**WHAT THE EXERCISE ASKS**
For each line of the listing that contains "with", make a copy and return it.

◆ ◆ ◆ ◆ ◆

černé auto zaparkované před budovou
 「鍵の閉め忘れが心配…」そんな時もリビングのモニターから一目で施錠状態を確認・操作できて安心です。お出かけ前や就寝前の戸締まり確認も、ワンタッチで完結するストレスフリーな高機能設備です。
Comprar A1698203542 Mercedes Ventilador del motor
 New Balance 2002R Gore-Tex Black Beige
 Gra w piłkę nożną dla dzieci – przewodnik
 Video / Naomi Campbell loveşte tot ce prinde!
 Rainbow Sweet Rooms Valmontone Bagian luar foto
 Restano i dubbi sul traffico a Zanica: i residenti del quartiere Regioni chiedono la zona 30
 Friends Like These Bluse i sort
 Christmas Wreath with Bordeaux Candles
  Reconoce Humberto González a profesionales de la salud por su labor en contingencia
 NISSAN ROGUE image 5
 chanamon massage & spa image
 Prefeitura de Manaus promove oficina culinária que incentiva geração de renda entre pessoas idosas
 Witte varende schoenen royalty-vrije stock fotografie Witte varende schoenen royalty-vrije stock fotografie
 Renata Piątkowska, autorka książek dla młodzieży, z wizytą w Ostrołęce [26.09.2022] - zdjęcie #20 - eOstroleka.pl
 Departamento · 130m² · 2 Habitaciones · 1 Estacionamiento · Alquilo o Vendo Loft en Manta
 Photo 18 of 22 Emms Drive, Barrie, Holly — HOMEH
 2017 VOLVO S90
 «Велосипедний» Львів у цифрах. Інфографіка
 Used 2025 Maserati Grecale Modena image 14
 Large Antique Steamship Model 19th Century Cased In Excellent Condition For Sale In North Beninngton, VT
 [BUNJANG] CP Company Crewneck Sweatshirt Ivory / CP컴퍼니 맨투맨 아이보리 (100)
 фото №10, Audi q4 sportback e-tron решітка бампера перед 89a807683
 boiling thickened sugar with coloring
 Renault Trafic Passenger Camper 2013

◆ ◆ ◆ ◆ ◆

**PROBLEM SOLUTION**
 Christmas Wreath with Bordeaux Candles
 boiling thickened sugar with coloring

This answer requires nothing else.